A civil rights activist who declined to be named for professional reasons said: “The outstanding issues during the Constitution making process were to do with the excessive powers of the president.

“It is therefore ironic for the Vice President to be moving in that direction given that he is the so-called reformer. Could he be laying ground for his future dictatorship?”

When University of Zimbabwe (UZ) Law School fourth year student Romeo Zibani filed an urgent chamber application challenging the composition of the JSC interviewing panel and applicants, he found support from “third respondent” Vice President Emmerson Mnangagwa.

Mnangagwa, who also doubles up as Justice minister, said in an affidavit presented in court that he had already begun processes to amend Section 180 of the Constitution as requested by Zibani, a move that has since come to pass.

Crisis in Zimbabwe Coalition regional coordinator, Joy Mabenge, said Zanu PF never wanted a new Constitution.

“If anything, they are content with a new Constitution trapped in an old order.
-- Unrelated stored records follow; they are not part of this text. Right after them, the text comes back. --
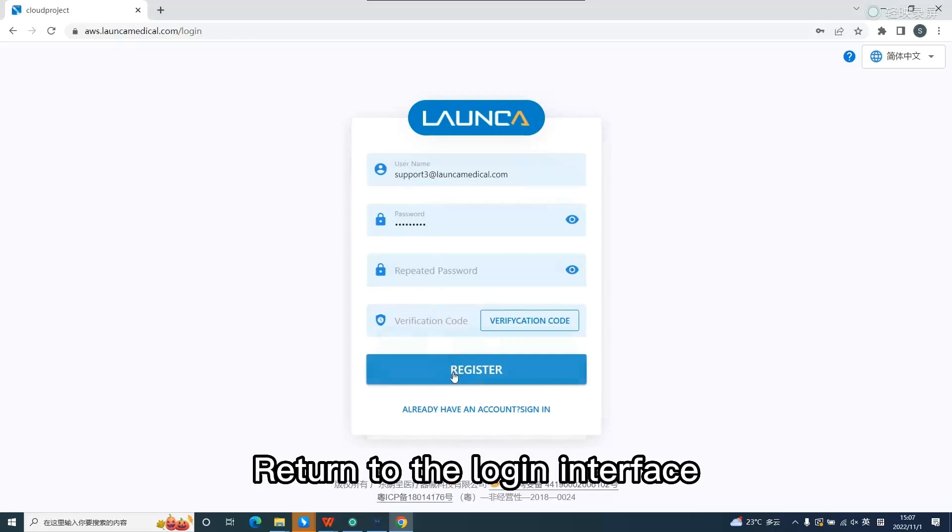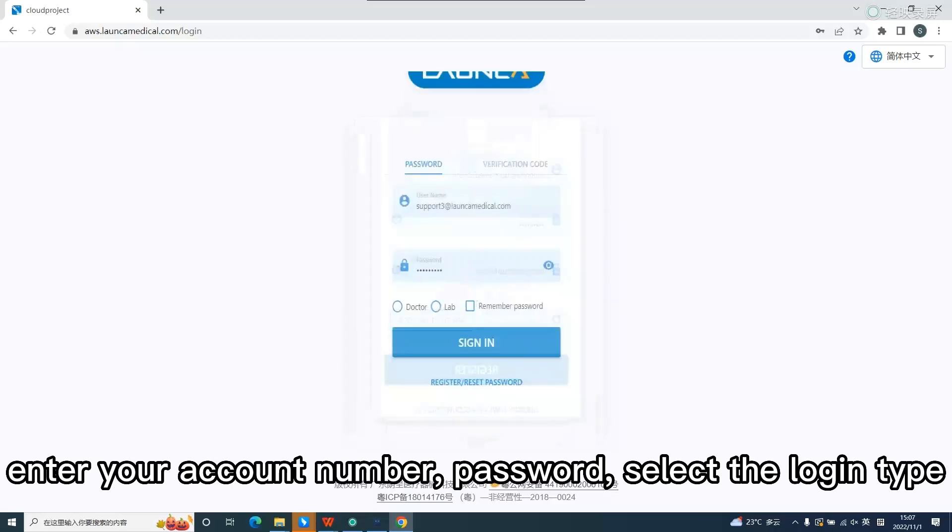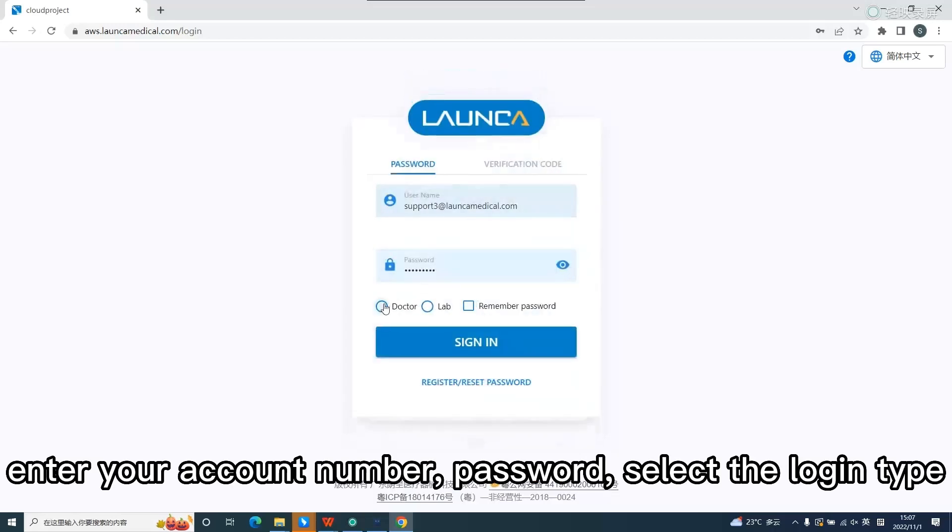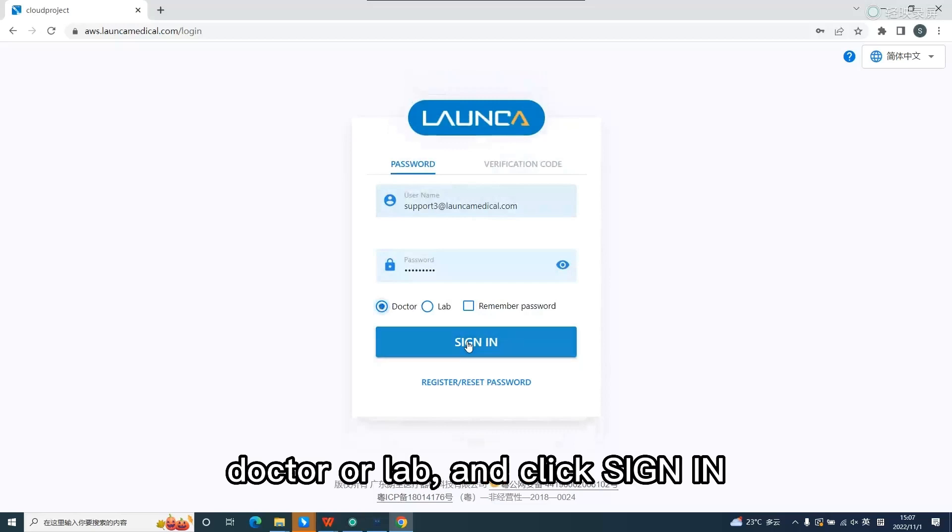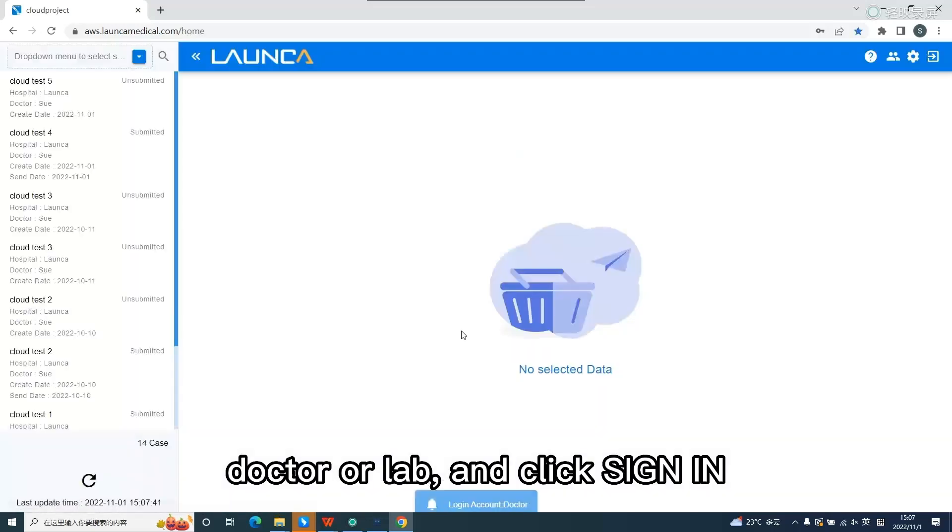Return to the login interface, enter your account number, password, select the login type, doctor or lab, and click sign in.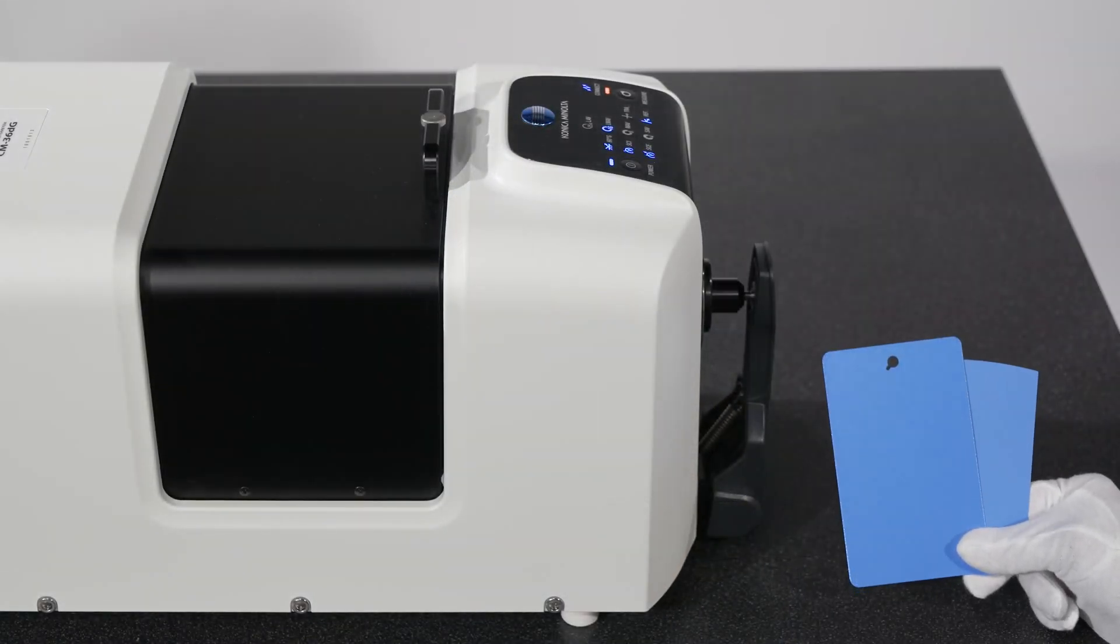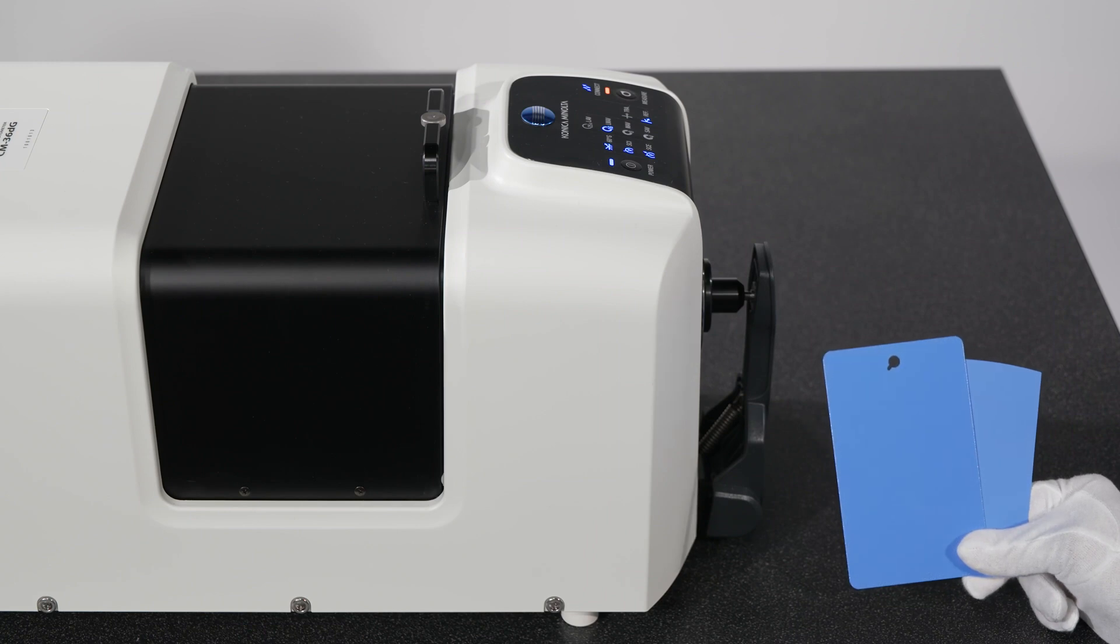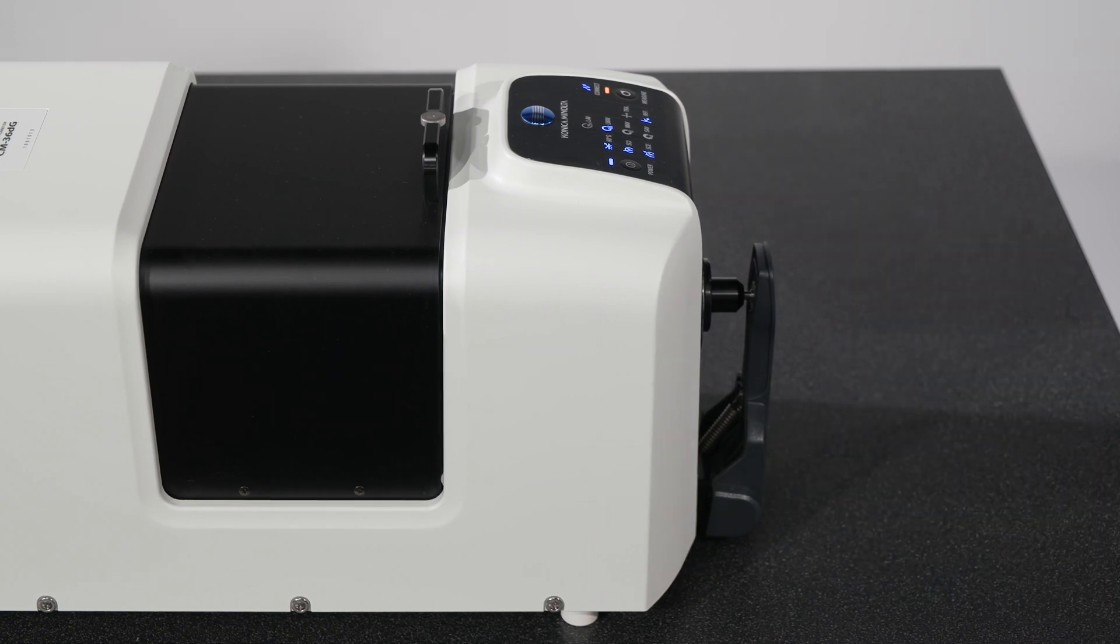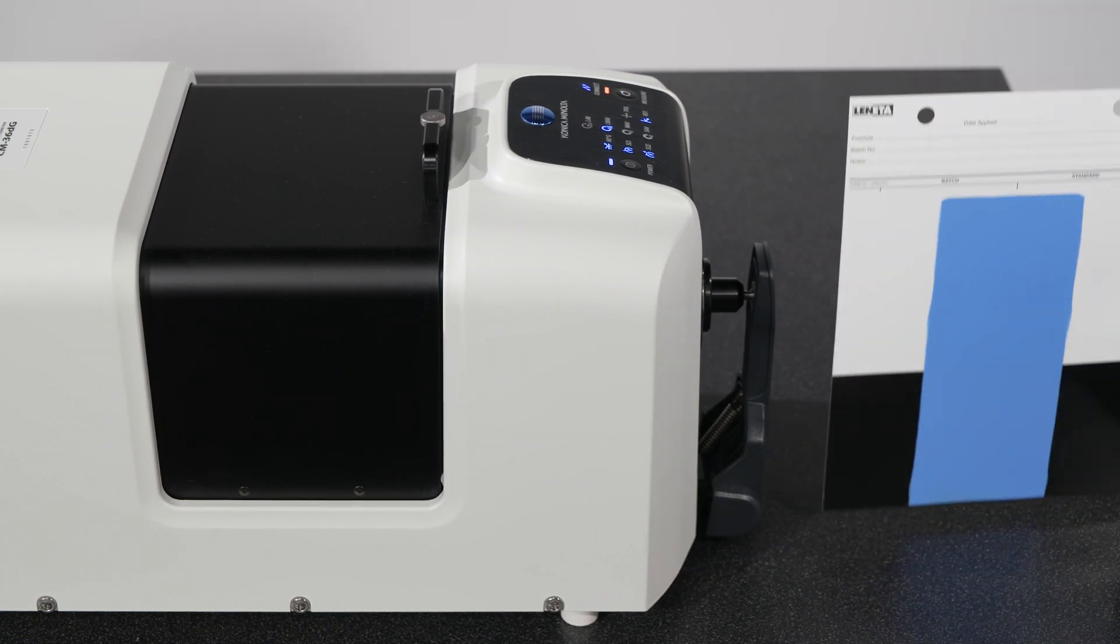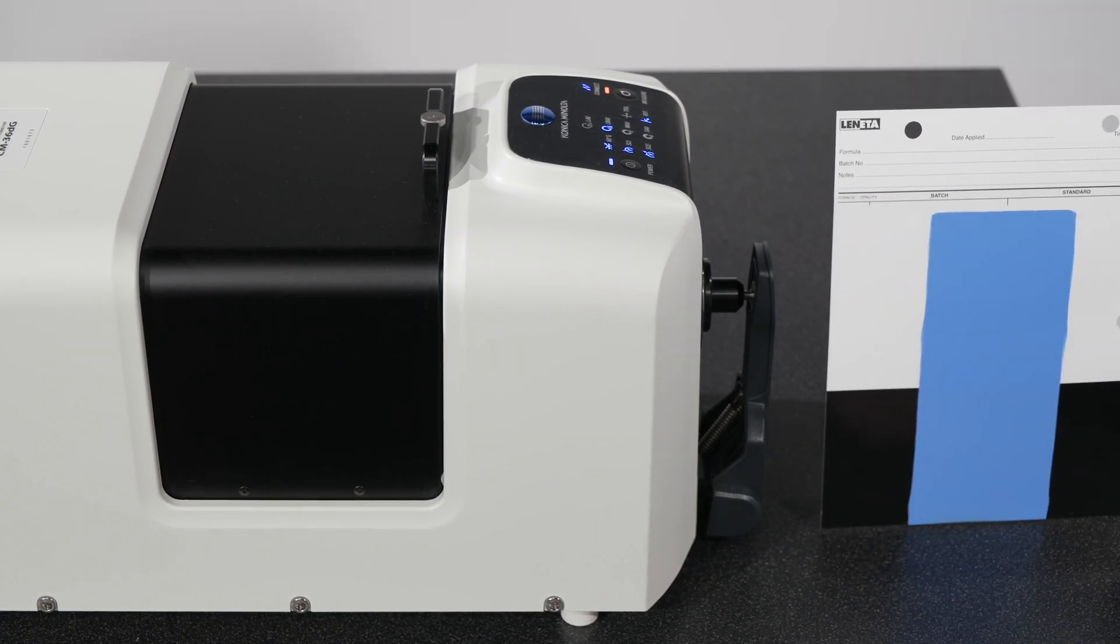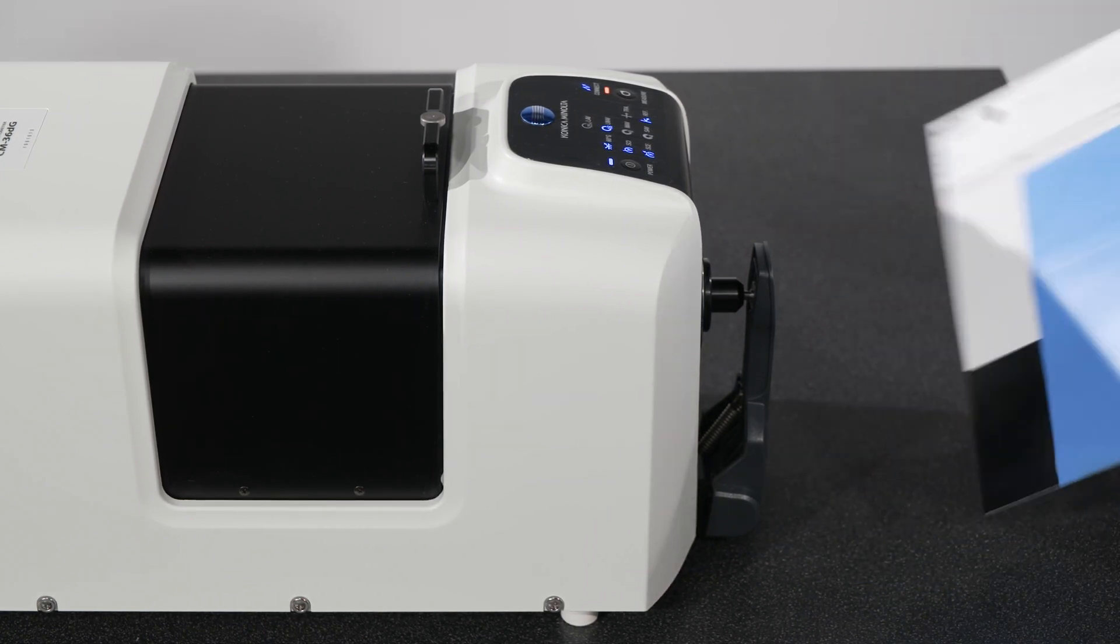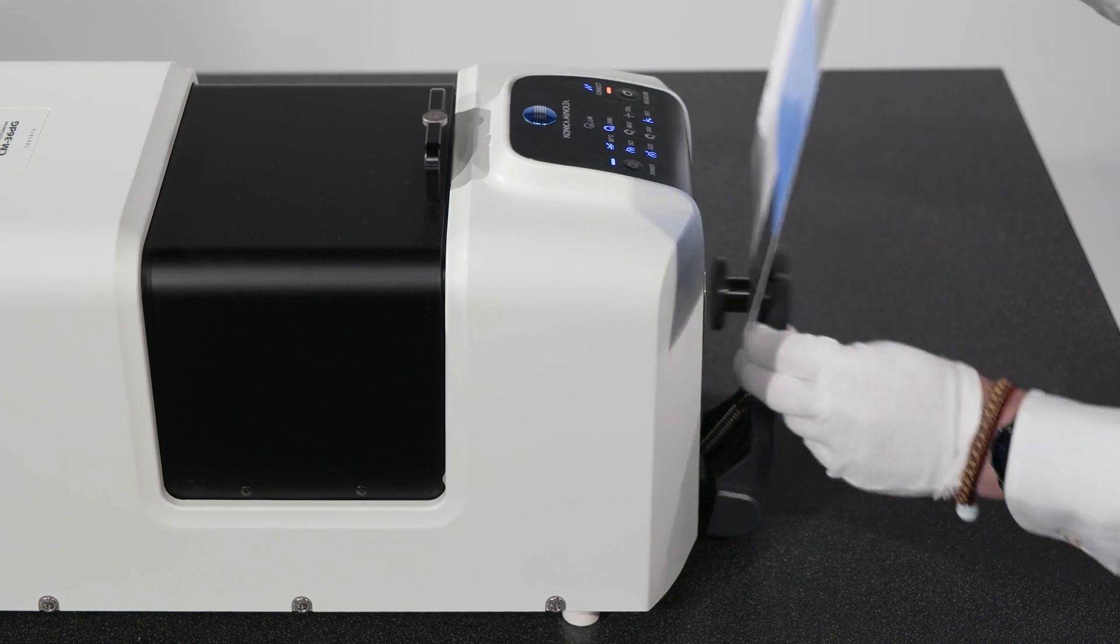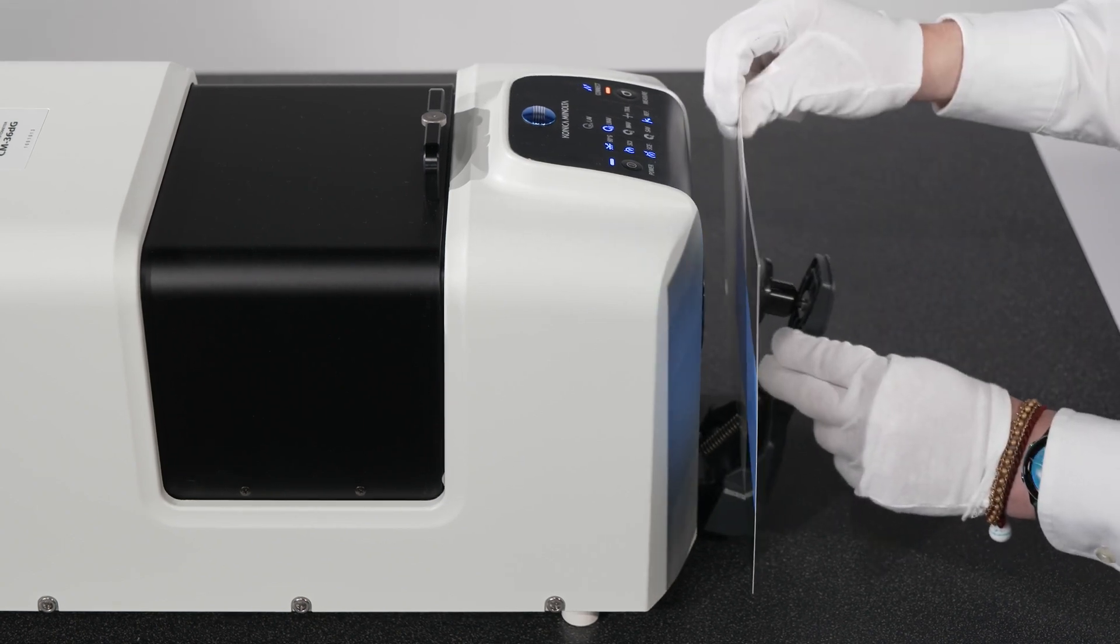The CM36DG provides users with ease of use and the capacity to measure color and gloss in one reading with unbeatable reliability.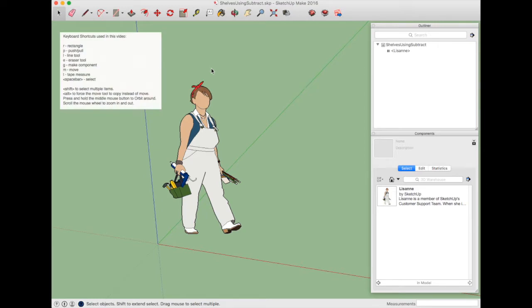In this video I'd like to make some wooden shelves and show how to use SketchUp and the subtract tool in SketchUp to do the joinery.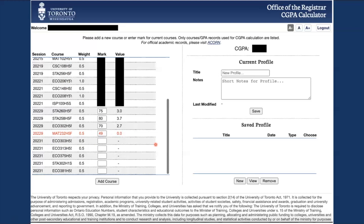Thank you for watching this short video. I hope it was super helpful in getting a quick overview of how to use the University of Toronto Mississauga's CGPA calculator. Bye!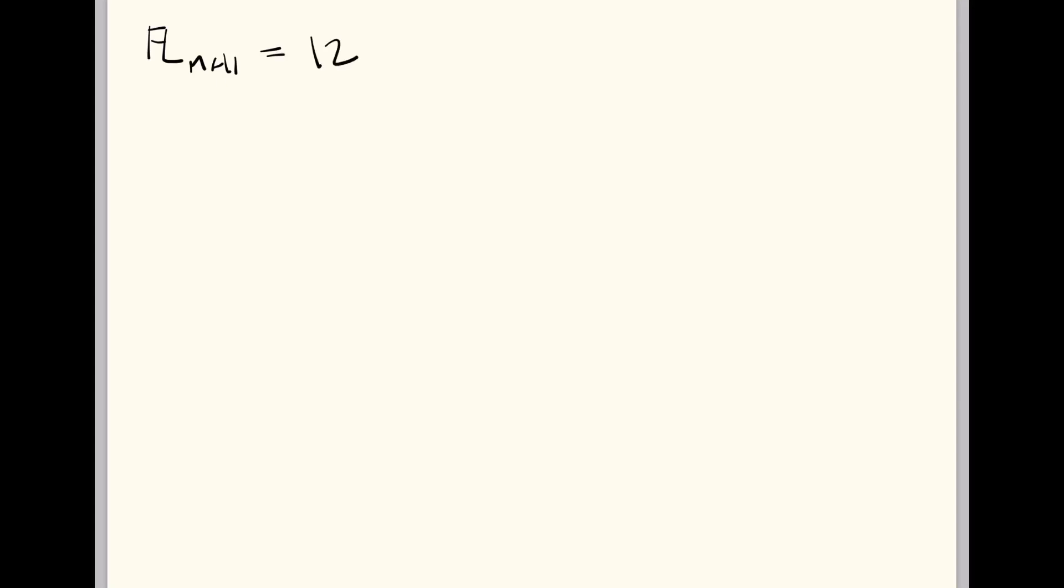So we have a flowline at manhole 1 of 1228.69 at station 0+00.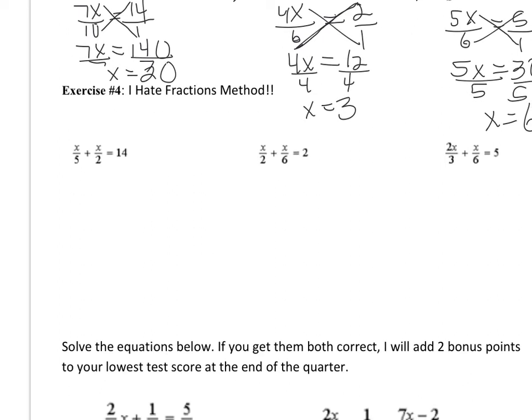Now we're going to do the exact same three problems using a different method. Once I'm done showing you this method, you'll have to decide: do you like the common denominator method better, or what we call the 'I hate fractions' method? The 'I hate fractions' method allows you to get rid of denominators immediately so you don't have to deal with fractions in your equation. Here's how you do it.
Zanu PF still glorifies the old order; that of authoritarianism and centralisation of power. They are taking the ‘one centre of power’ Zanu PF ideology too far,” he said, adding the ruling party was prepared to reverse all the small gains towards a democratic Zimbabwe embodied and codified in the new Constitution.

“Theirs is a very fast pace race to the bottom and Zimbabweans must truly be and remain vigilant,” he said.

Political analyst Maxwell Saungweme said a leopard does not change its spots.

“That’s the true Mugabe for you. He believes he is more powerful than the Constitution and more powerful than anyone else.

“Regardless of provisions of the new Constitution, he does as he pleases. You cannot change anything in Zimbabwe as long as Mugabe is there. He politically defaults to his old ways no matter under whatever conditions,” Saumgweme said.

Obey Sithole, a global development scholar, said this was true confirmation that Zanu PF was allergic to justice and constitutionalism.

He said Section 190 (2), which speaks of the functions of the JSC which is led by the Chief Justice, states that the “JSC must promote and facilitate the independence and accountability of the judiciary.” He said Mugabe was undermining that clause in the Constitution.

“So in short, this move by Zanu PF is a desperate attempt to capture the judiciary. If by any chance it sails through, then we can safely say we will be operating with only two arms of the State, the legislature and the executive because the judiciary would have been captured by the executive.”

Sithole said Section 328 (3) of the Constitution clearly states that there is need for the Speaker to give at least 90 days notice before a Bill is presented in the Senate and National Assembly.

“As it stands today, no notice with regards to the Bill has been tabled. So if we count 90 days from now, it technically dismisses the attempt because the process will go beyond the day we expect the successful person to assume office.”

The next Chief Justice to replace Godfrey Chidyausiku, who is retiring after reaching the mandatory 70-years of age,  is expected to assume office on March 1, 2017.